Светлые века — страница 41 из 94

Я пыталась исцелить Кейт – я сделала все, что могла. Клянусь. Люди считают, что мой народ способен излечивать болезни, творить чудеса, да? Но я потерпела неудачу, как и с твоей матерью. К тому же Кейт стояла прямо рядом с поршнями, когда они взорвались. К моменту, когда я ее увидела, ее кости уже начали превращаться в машинный лед, вены сияли. И все-таки мне известно о травах то, чего не знает большинство так называемых аптекарей. Я сумела даровать ей толику утешения… Увы, Кейт зачахла и умерла. Но она, по крайней мере, дожила до возможности увидеть ребенка, которого выносила, и понять, насколько ее дочь красива.

– Это была Аннализа?

Госпожа Саммертон некоторое время молчала.

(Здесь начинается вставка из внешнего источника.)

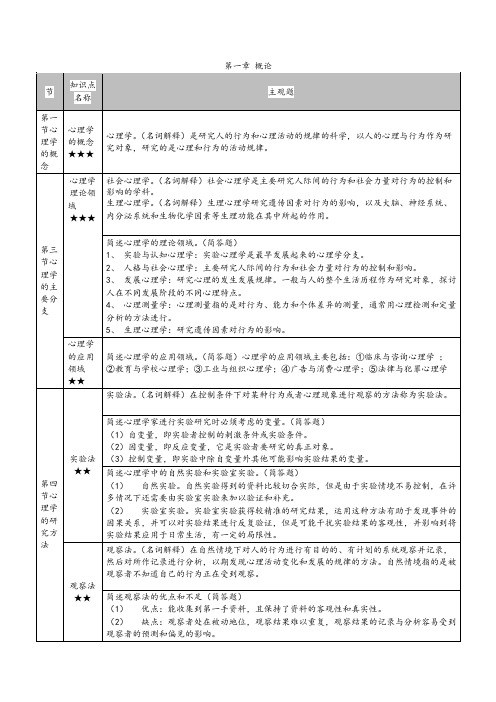 自考 心理学 考前复习资料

– Я уже стара. Но во многих отношениях жила вполне достойно. Никогда не голодала. В результате бессмысленной смерти и ужасного стечения обстоятельств у меня появилась Аннализа. Полагаю, я всегда была такой же, как ты, Роберт. Хотя и не знала этого, искала цель в жизни. А что может быть лучше, чем дать юному существу тот шанс, которого у меня никогда не было?

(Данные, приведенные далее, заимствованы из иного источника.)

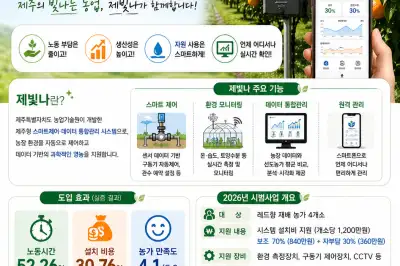 “하우스가 알아서 물 주고 온도 맞춘다”… 레드향 농가에 스마트팜 ‘제빛나’ 시동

– Вы знали, какая Аннализа на самом деле?

– Каким бы ни было заклинание, которому подверглась Кейт, в нем наверняка таилась колоссальная мощь. Аннализа обязана была быть подменышем, но казалась совершенной – и ты сам понимаешь, как гильдии должны были дорожить подобной добычей! Так что и речи не было о том, чтобы отдать ее обратно в Брейсбридж. Растить Аннализу – это был долгий и трудный процесс, по ходу которого мне пришлось многому научиться, но, по крайней мере, у меня были кое-какие сбережения, мои небольшие инвестиции, которые, как я обнаружила, поразительным образом умножились за то время, пока я их игнорировала.

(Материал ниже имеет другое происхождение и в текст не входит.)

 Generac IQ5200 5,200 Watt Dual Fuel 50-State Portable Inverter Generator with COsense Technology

Таким образом, я сумела сделать Редхаус комфортным и безопасным, купить все необходимое и заботиться об Аннализе в течение долгих зим, коротких весен и дождливых осеней того северного края. Это странно, но я узнала о жизни обычных людей больше, чем за все предыдущие годы. И я постоянно училась у Аннализы. Сначала боялась Гильдии следователей и, конечно, Гильдии собирателей. Все то первое лето и зиму, и даже когда я еще ухаживала за Кейт, я представляла себе темные и одинокие фигуры и пряталась от теней, но для меня, даже после трагедии с рождением Аннализы, и того дня, когда твоя мать нас с нею покинула, чтобы продолжить жить своей жизнью, те времена были счастливыми. Аннализа была словно неумолкающая песня. Ее волосы менялись в зависимости от времени года. Зимой они были огненно-золотыми, а весной бледнели до оттенка солнечного света. В середине лета становились пшеничным полем. Она называла меня Мисси. И я любила ее, Роберт, мне нравились веснушки на ее носу и то, как ее кожа шелушилась летом. Иногда по вечерам, когда она спала, а я бродила по той замерзшей деревне и наблюдала за тенями, которые освещенные звездами деревья отбрасывали на лужайки, я с трудом могла поверить, что не сплю.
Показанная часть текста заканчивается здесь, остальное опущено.